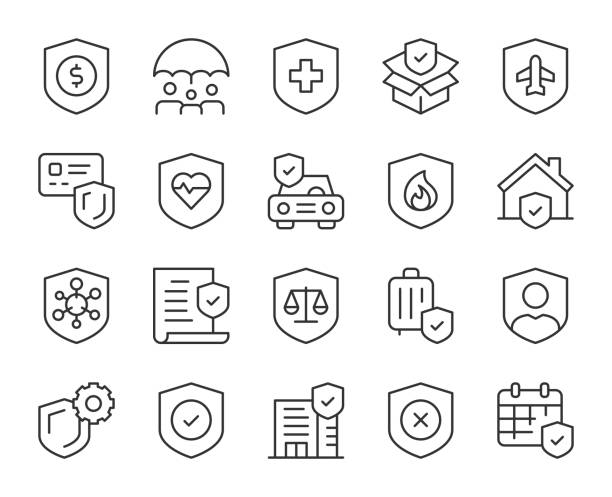 ubezpieczenia - light line icons - insurance healthcare and medicine industry damaged stock illustrations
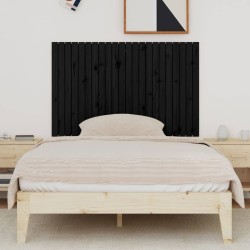 Tête de lit murale Noir 140x3x90 cm Bois massif de pin 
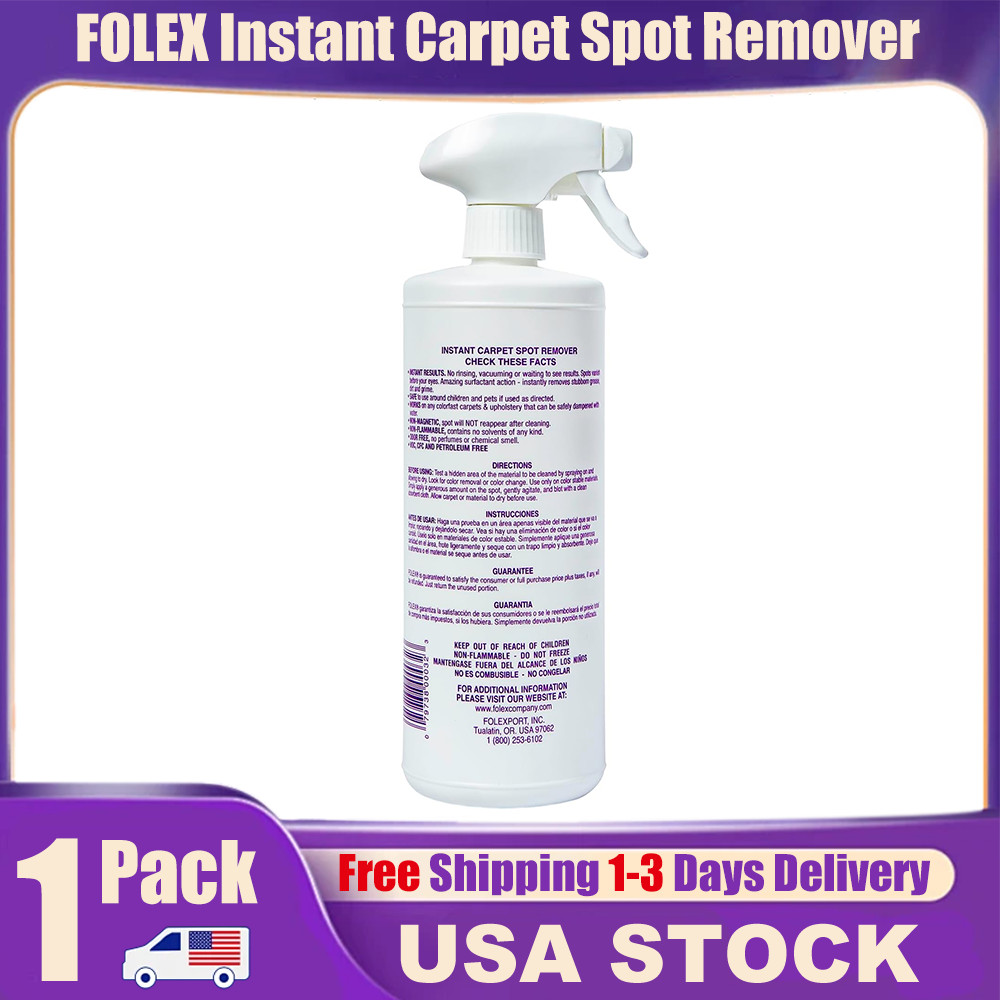 FOLEX 32oz Carpet Spot Remover for Pet & Food Stains, With Cleaning Cloth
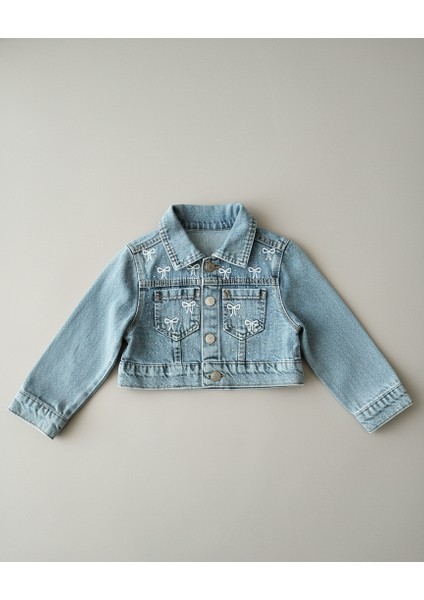 Fiyonk Nakışlı Taşlı Pamuklu Crop Kot Ceket modelleri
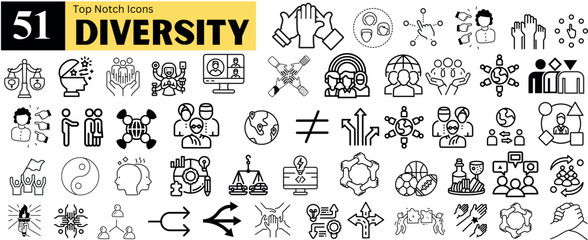 51 diversity and inclusion icon set. this set showcases different facets of human identity, such as race, ethnicity, gender, sexuality, religion, disability.  posters, flyers, logos, stickers, banners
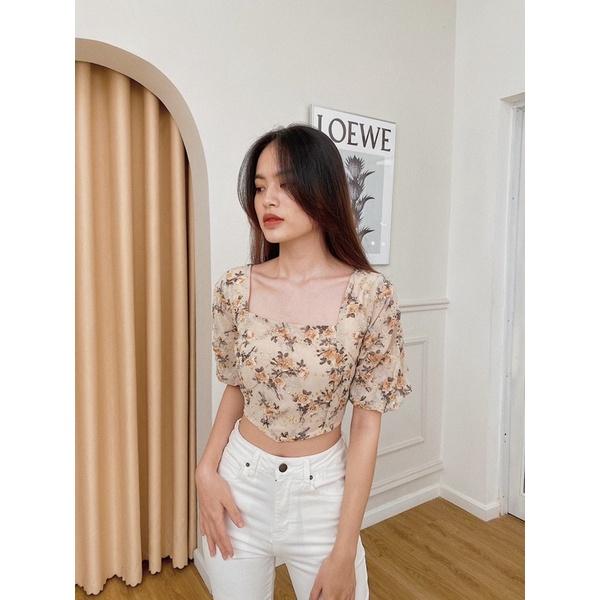 Áo croptop hoa hở lưng REVERCLOTHINGS Rosa Top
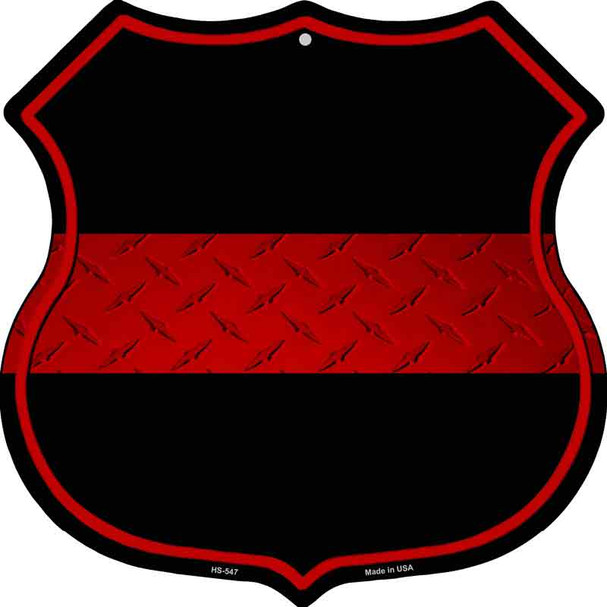 Thin Red Line Metal Novelty Highway Shield Sign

Task statement: The output must match, line for line, the span from the line containing "51 diversity and" through the end of the data, with the pictures removed.

Reply to the task:
 51 diversity and inclusion icon set. this set showcases different facets of human identity, such as race, ethnicity, gender, sexuality, religion, disability.  posters, flyers, logos, stickers, banners
 Áo croptop hoa hở lưng REVERCLOTHINGS Rosa Top
 Thin Red Line Metal Novelty Highway Shield Sign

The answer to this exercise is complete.